Arévalo and Carmen Herrera of the Seed Movement received their credentials from the Supreme Electoral Tribunal this week to serve as president and vice president from 2024 to 2028.

Arévalo affirmed that the electoral judges were a “bulwark” to defend the results of the June 25 and August 20 elections in the face of attempts by various actors to ignore their victory.

The certification of the electoral authorities came four days after Arévalo publicly denounced an attempted coup, promoted by the head of the Attorney General’s Office, Consuelo Porras, among others, to prevent him from taking office on January 14.


Under the extraordinary supervision of the Secretary General of the Organization of American States, Luis Almagro, the official transition process between Giammattei and Arévalo began on September 4.

Almagro was invited by Giammattei to come to Guatemala to oversee the process. The OAS secretary warned in an extraordinary meeting on September 1 that “any other option” than the inauguration of Arévalo on January 14 “will be considered a constitutional violation.”

The transition will begin in September and end on January 14 with the inauguration of Guatemala’s first social democratic government.


Although the new authorities have been made official and the process of transfer of command has begun, experts and analysts do not rule out further action by the Public Prosecutor’s Office against the Seed Movement to prevent it from taking office, based on an alleged case of false signatures in 2018.
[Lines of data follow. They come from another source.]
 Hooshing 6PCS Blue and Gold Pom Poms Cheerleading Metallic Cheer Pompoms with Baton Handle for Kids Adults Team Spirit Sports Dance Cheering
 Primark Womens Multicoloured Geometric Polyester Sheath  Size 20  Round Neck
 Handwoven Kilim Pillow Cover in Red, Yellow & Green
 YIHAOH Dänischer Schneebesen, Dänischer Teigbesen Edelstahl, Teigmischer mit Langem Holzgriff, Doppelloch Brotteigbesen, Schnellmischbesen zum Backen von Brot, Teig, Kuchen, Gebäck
On Tuesday, after a meeting with Almagro, the Attorney General, Consuelo Porras, denied that a coup was underway and indicated that the “investigation” of the electoral case would continue.

The directors of the Public Prosecutor’s Office are subject to sanctions by the United States, accused of “undermining” justice in the Central American country.

Between July and September, Guatemalan prosecutors raided the headquarters of the president-elect’s political party and the Supreme Electoral Tribunal, in addition to requesting the lifting of the immunity of its judges.


On August 20, the day of Arévalo’s victory in the second round of the elections, Giammattei sent a congratulatory message to Arévalo, promising an orderly transition once his victory was confirmed.

On the same day, however, the opposition and other sectors expressed growing concern, as evidenced by statements made to journalists.

“This government will hand over power on January 14, whenever Congress adjourns,” Giammattei said.

However, he added: “If otherwise, the session in Congress is delayed and there is a risk that the session to hand over power will not be held before 12 o’clock at night, we will hand over the position to the Congress of the Republic and we will withdraw the indictment.”